** INPUT MATERIAL follows **

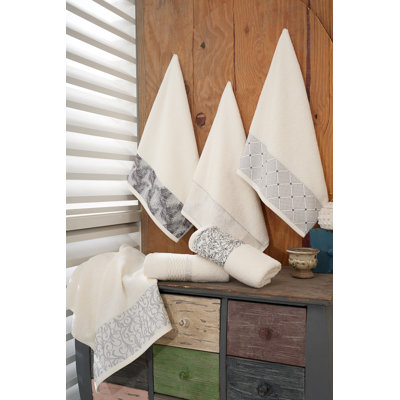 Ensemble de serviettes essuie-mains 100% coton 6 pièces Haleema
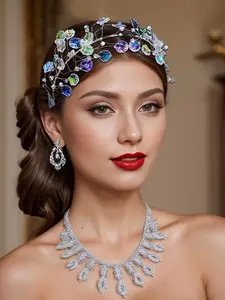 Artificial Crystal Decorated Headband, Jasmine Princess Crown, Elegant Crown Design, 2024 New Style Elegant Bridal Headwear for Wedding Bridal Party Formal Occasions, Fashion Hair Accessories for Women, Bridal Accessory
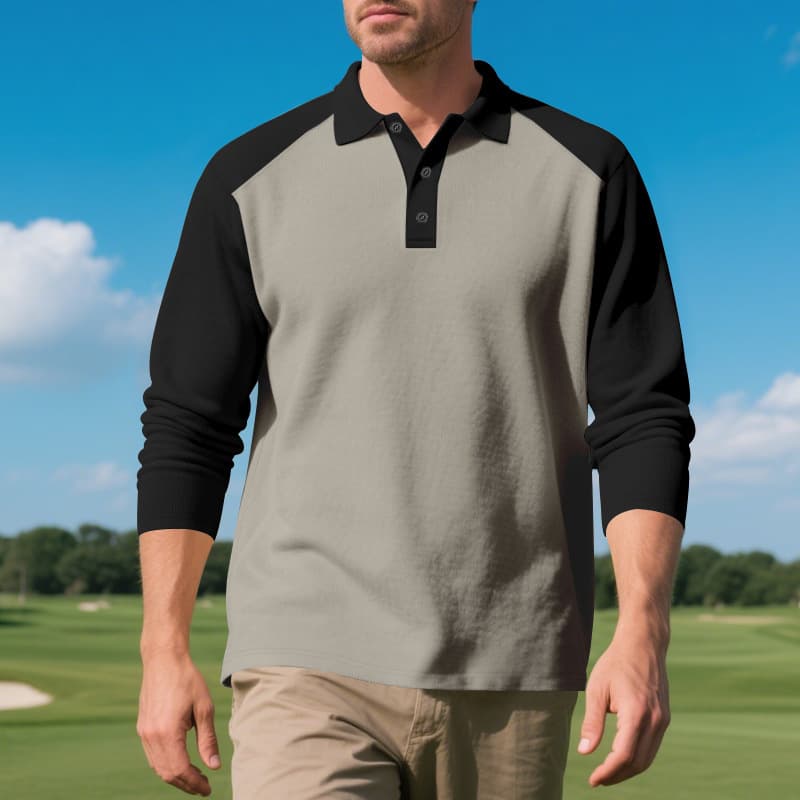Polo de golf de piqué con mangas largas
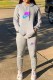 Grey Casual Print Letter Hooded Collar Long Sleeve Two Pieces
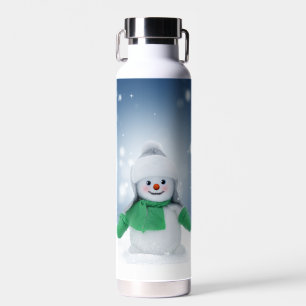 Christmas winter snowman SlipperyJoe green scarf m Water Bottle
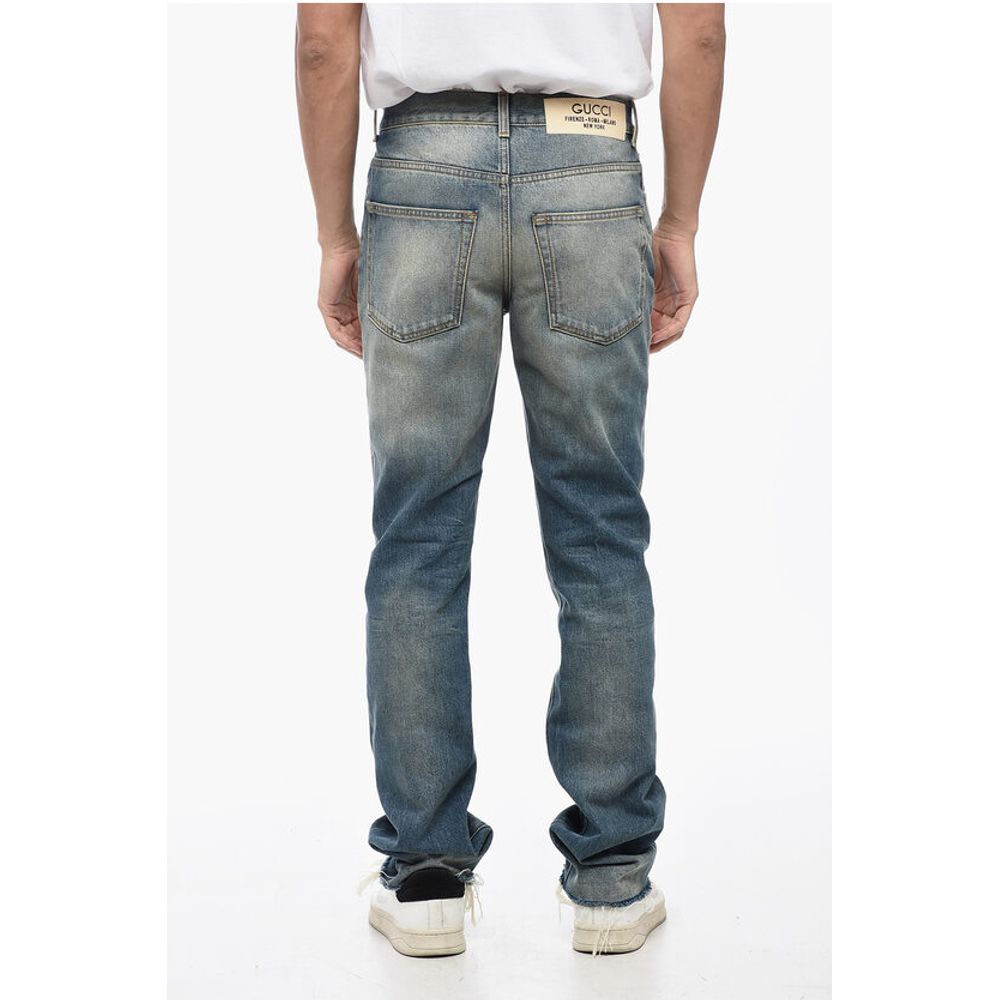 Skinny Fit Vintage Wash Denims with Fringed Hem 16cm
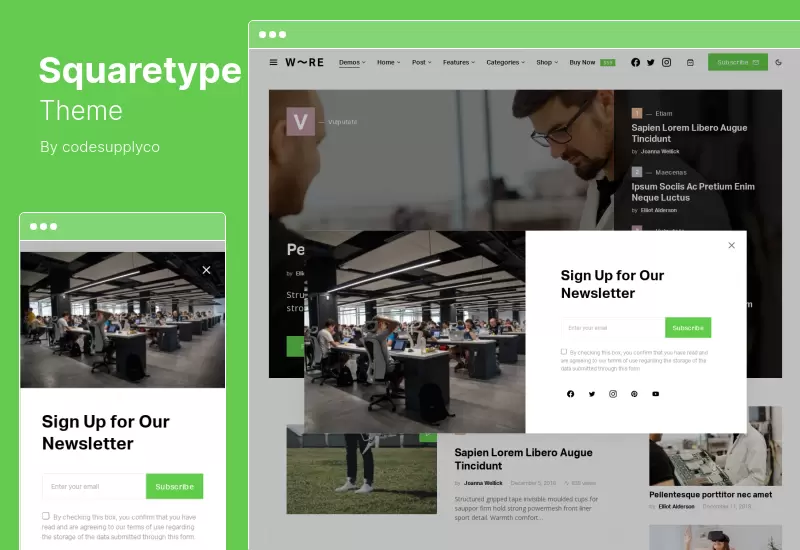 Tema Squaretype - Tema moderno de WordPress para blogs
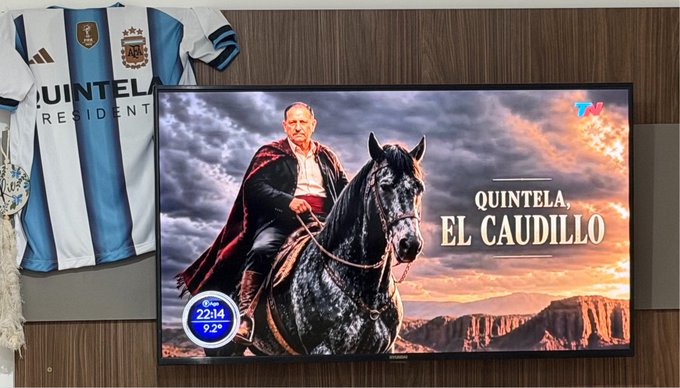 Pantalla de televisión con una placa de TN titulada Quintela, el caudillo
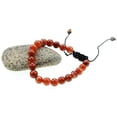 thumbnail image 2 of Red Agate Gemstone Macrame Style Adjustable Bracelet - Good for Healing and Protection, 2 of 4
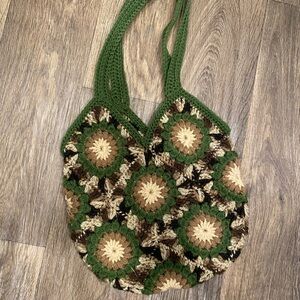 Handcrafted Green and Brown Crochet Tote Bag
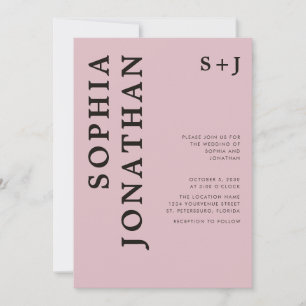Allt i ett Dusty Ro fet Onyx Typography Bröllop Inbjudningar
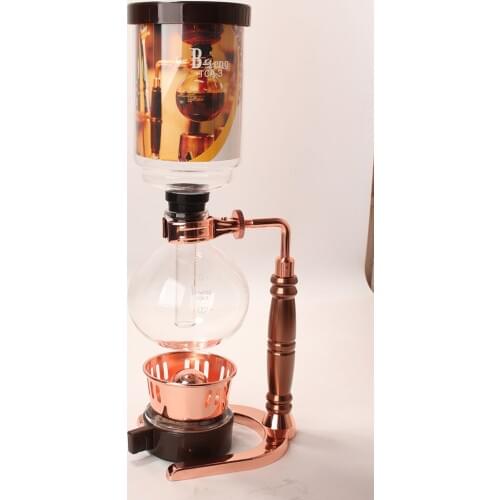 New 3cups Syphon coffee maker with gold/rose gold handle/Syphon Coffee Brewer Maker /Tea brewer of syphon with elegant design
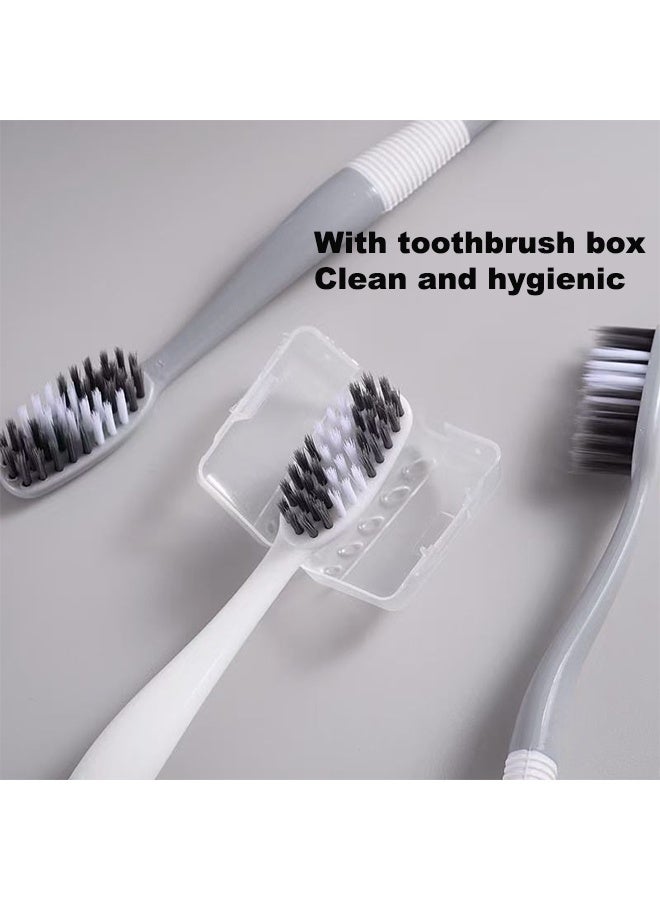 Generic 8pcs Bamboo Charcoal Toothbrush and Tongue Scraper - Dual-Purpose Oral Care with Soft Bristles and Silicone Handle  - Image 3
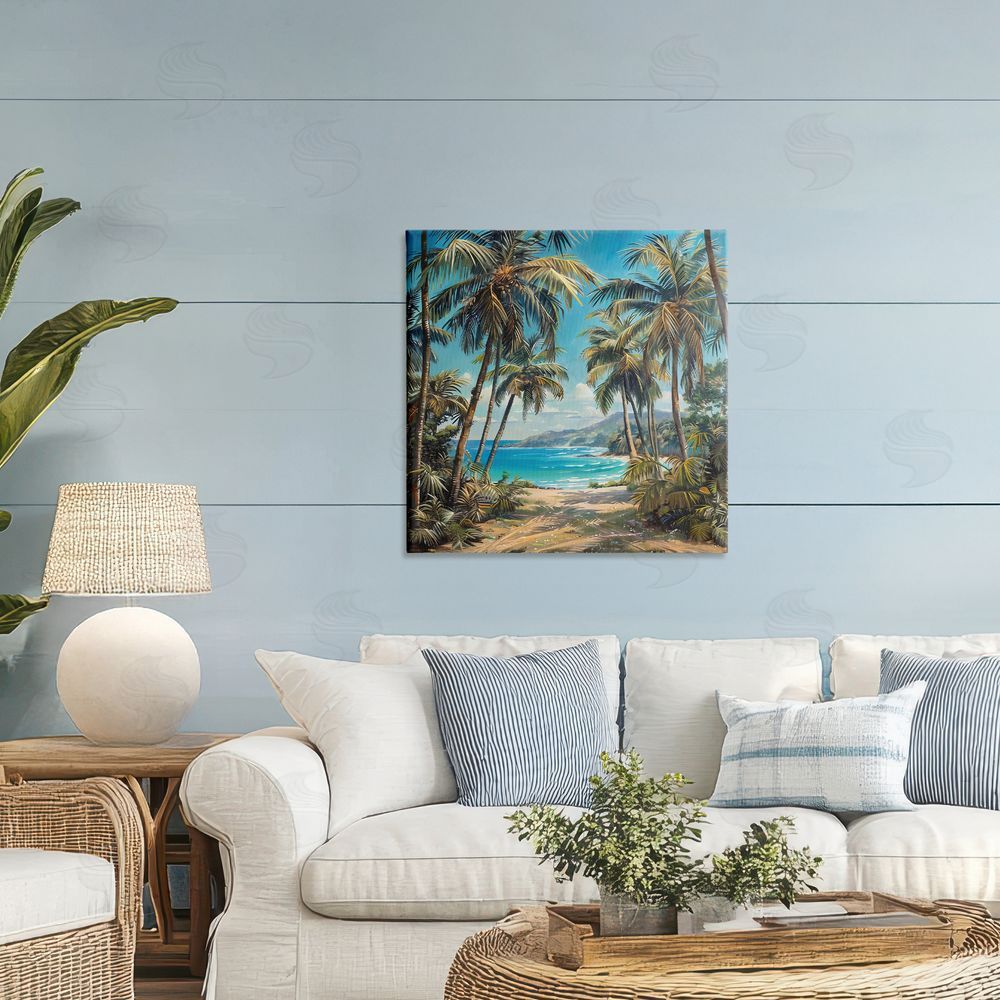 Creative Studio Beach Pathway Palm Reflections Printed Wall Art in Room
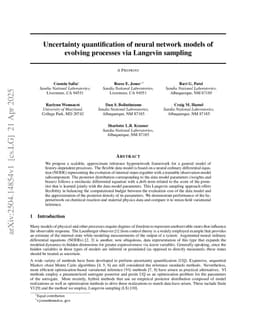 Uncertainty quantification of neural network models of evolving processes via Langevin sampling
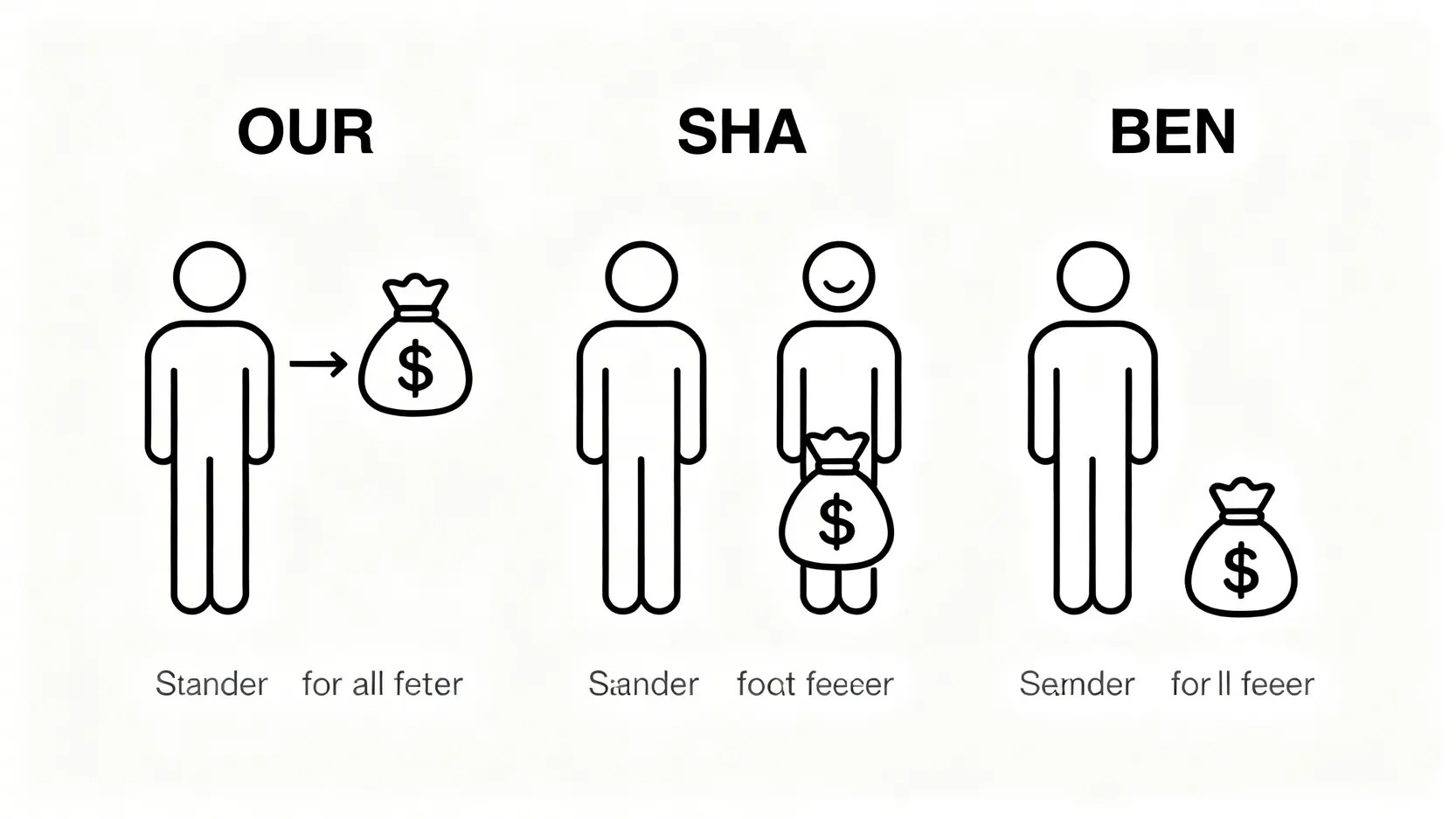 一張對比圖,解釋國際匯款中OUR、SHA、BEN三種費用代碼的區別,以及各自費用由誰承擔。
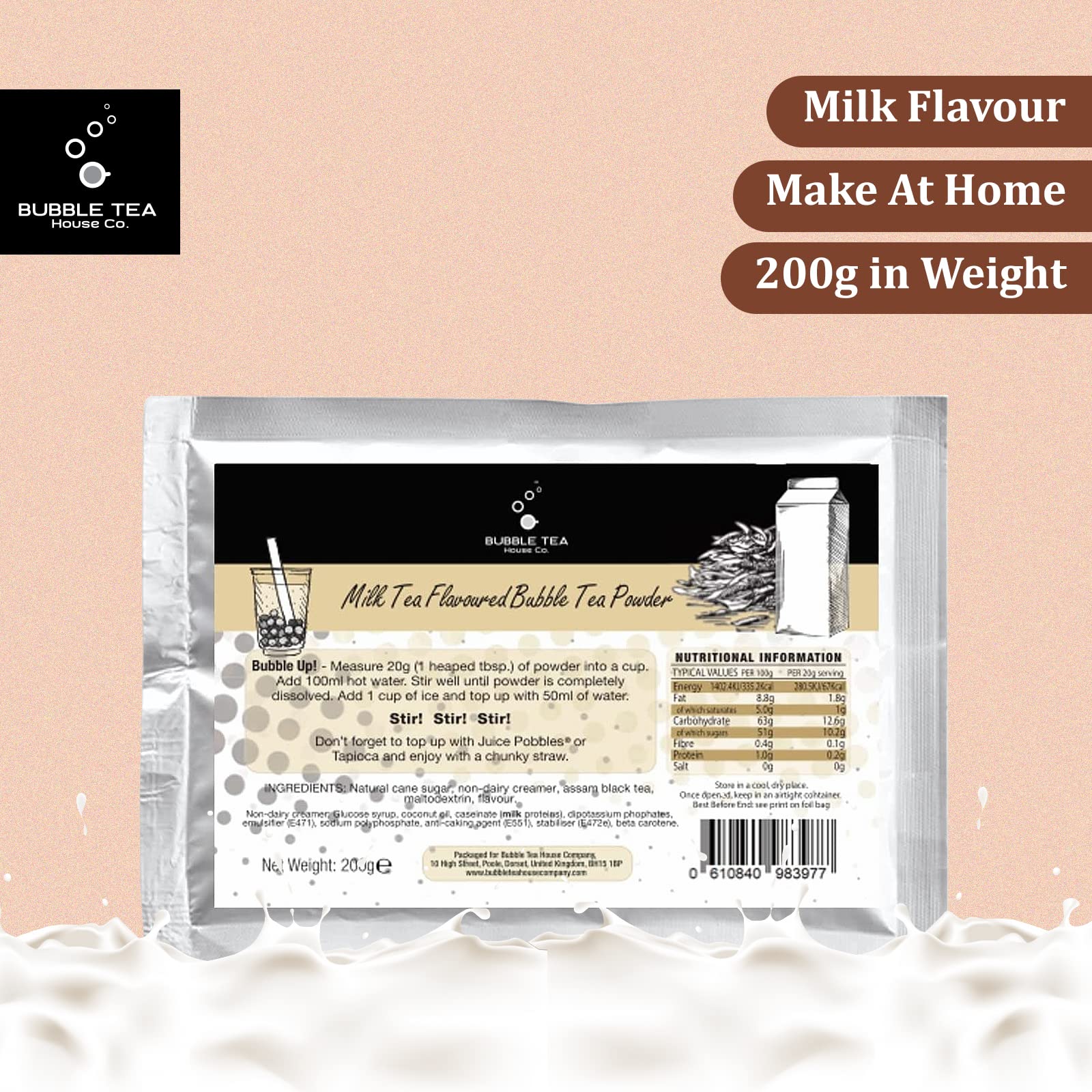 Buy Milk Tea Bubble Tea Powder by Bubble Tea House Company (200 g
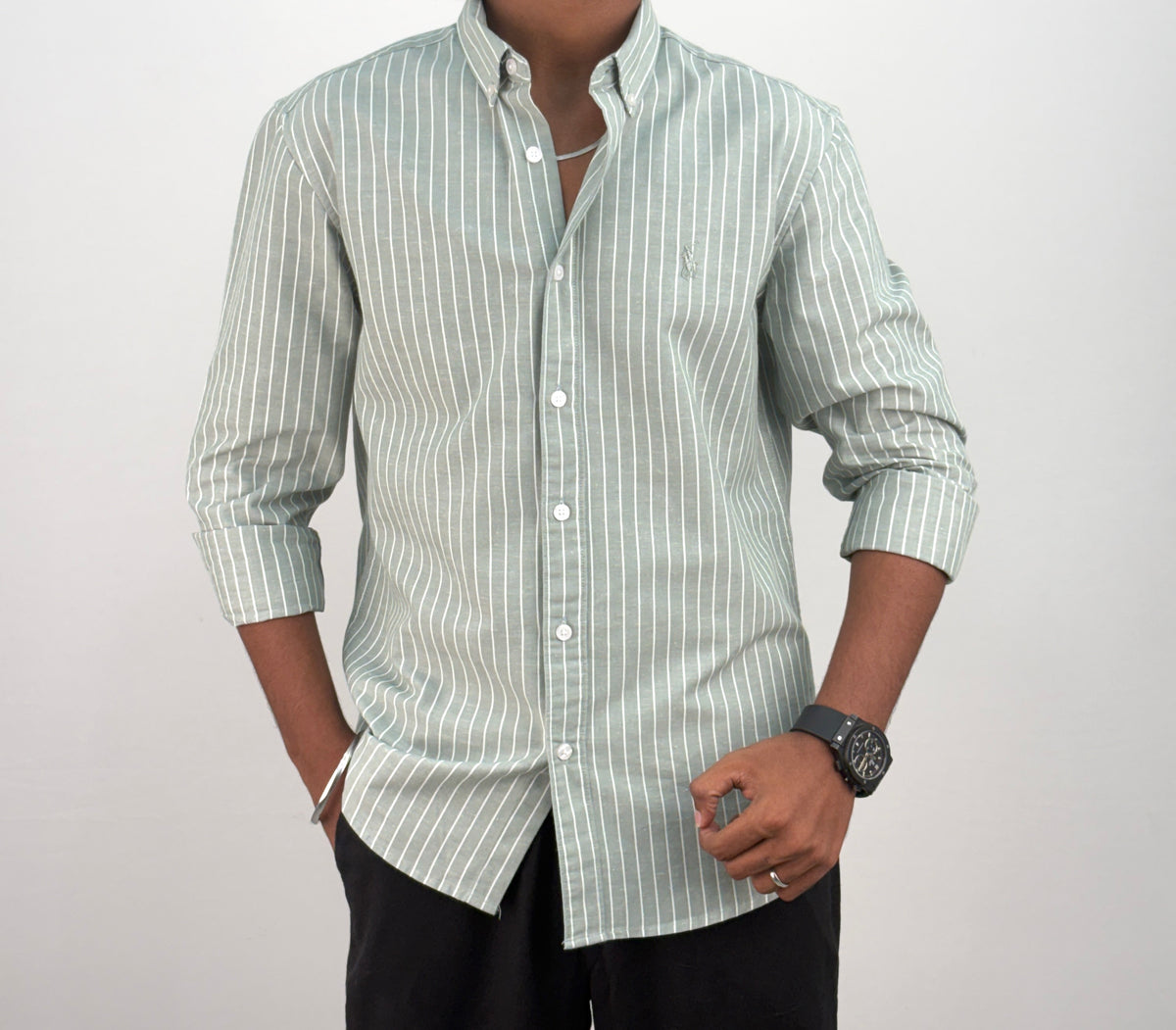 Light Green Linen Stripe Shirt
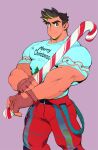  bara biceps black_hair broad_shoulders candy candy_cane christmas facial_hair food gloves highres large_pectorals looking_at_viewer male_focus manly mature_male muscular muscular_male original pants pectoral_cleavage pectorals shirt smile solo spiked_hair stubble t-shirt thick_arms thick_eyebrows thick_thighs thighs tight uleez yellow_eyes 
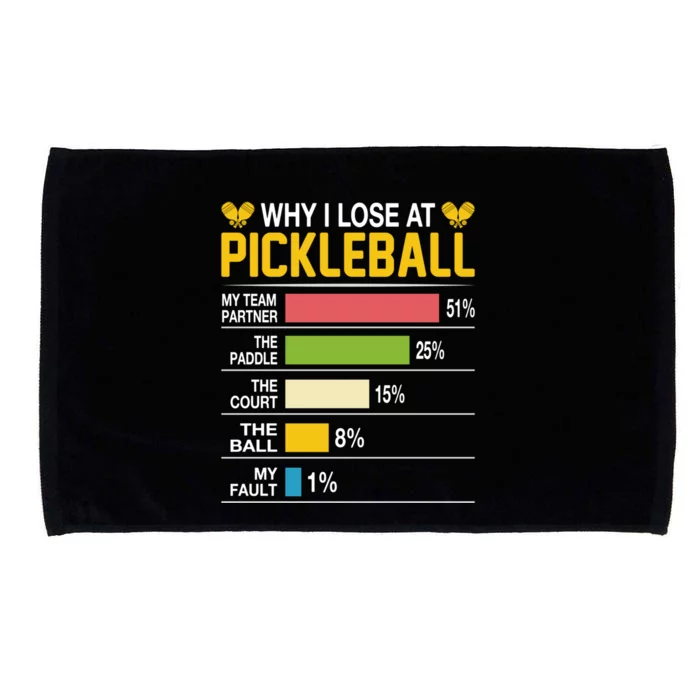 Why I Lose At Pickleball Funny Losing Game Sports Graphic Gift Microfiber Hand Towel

** End of INPUT MATERIAL **

[TRY IT] Look above for the line with "Handcrafted Green and Brown Crochet Tote Bag", then print it and each line after it down to and including the line with "New 3cups Syphon". Leave out the pictures and keep the wording exact.

[EXERCISE RESULT]
 Handcrafted Green and Brown Crochet Tote Bag
Allt i ett Dusty Ro fet Onyx Typography Bröllop Inbjudningar
 New 3cups Syphon coffee maker with gold/rose gold handle/Syphon Coffee Brewer Maker /Tea brewer of syphon with elegant design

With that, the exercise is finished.